When he said that he wanted the people in the new office to be able to connect to the server in the main office, so I said that a VPN was the way to go. I know roughly what I'm talking about but wanted some advice from you knowledge people out there. We have a company that does IT support for us but I know that they wil say we need a new server when I call them (that is their response to everything question at the moment)...

I know you can get router/firewall type thing which will act as a gateway for the VPN so that we can have a network in the new office rather than setting up machines individually but I am not sure exactly what we would need, whether we would need more hardware at both ends or just the new office.

The current plan for the new offfice is for 2 people with computers, a printer and perhaps some form of local storage (portable hard drive maybe, backed up of course), with the option of a visitor or two from the main office from time to time.

We currently run a server with windows SBS 2003 in the main office and I know there is a VPN set up for a few people who work from home.

Comments please...

You'd be best off with a couple of VPN routers and do a site to site VPN with them IMO, keeps the overhead off the server and the computers won't know or care that they're on a different network.

Draytek do plenty of affordable and good routers, try the 2810 or 2910 on for size.

We setup this kind of thing and always use Draytek.

Vigor2820 ADSL Router, Firewall and VPN Device

2820 or 2820N (with wireless) are the current models. Decent Broadband links and static IPs are the other ingredients.

If you have an old PC or two lying about and fancy a fiddle you could use IPCop. If not, then Use a pair of routers as suggested, and I'd give another vote for Draytech, based on reputation.
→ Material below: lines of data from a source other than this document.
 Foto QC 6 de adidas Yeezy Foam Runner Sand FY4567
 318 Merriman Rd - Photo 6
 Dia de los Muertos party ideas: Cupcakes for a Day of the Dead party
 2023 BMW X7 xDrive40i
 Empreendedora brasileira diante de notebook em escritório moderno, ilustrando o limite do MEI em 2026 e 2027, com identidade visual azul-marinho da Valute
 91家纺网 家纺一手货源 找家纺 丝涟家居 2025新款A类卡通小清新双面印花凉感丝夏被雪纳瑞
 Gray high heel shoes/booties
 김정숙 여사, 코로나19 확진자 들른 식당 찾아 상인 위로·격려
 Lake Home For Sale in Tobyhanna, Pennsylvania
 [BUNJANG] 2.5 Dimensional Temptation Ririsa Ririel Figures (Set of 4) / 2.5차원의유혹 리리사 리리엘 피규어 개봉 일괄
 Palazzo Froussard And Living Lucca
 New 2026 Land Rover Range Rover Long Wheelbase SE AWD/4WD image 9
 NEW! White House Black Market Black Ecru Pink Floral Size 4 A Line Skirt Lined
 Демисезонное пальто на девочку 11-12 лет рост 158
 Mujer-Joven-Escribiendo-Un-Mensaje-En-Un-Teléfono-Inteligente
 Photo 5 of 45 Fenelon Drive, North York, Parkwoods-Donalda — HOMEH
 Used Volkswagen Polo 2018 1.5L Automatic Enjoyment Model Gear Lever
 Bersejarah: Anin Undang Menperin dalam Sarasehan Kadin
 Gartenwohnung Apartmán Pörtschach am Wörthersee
I'd probably use Cisco but it's expensive and harder to set up.

Having been in a very similar situation in a previous existence, you need to make sure that your ISP gives your router a static IP address. This is more common than not these days, I think, but caused me much grief a few years ago... :thumbup:

Yep, trying to do this with a dynamic address will be a nightmare.

  • Author

Thanks for all of that useful information folks. I just need to go and talk to our IT people now...

We have a static IP for our current office and I think that two Draytek routers and static IPs looks like the easiest way to go. Our MD doesn't care how I do it as long as it just works... (and doesn't cost too much...)

1) What is your network connectivity at each site

2) What type of work will be done at the satalite site

3) What kind of data is/will be transfered to and from the satalite sites

4) Whats your budget

5) Whats the expectations

With out knowing the answers to the above, you can't realistically spec something.

I'll give you an example;

I went into sort a problem where two sites where connected by VPN over ADSL. Both sites were complaining of latency and really slow connectivy when accessing resources across the vpn. They were sold a solution based on 8meg ADSL and they thought wow this will be quick.

However what no one had told the company; is that your max transfer is determind by the upload speed of the other end. Hence with ADSL it was actually around 300kb/s, which when using things like file shares etc made it useless. So they HAD to spend more money on either going SDSL or putting in caches etc or DFS (byte level) replication.

You can't just, drop a VPN router in at each end, unless you just want to browse the internet.

If you put a SBS at the remote office, you can use ISA for the site to site VPN.

The remote office also has all the functionality that SBS provides.

E.g. access to the internet can go through ISA using the same policies as the main office, without, using the link.

The remote SBS can be administered from the main office.

yup agree with rwbaldwin, I think your going to have to think out side the box for this one, and try and keep non-essential inter site comms to a minimum.

  • Author

Auroan - The satellite office will only be two people and there isn't going to be a huge amount of data transfer, currently we have a couple of people working from home and they will be based in this new office instead. They are using the VPN on the existing SBS server at the moment. They will need to access the internet but that doesn't need to go through the VPN.

In terms of the work they do they will be pretty self contained and only need to connect to the main office to upload and download documents to the main server (spreadsheets, word doc mainly) and access reference material (pdf mainly), the only other serious data usage will be email via exchange running on the main server which they do through the VPN at the moment.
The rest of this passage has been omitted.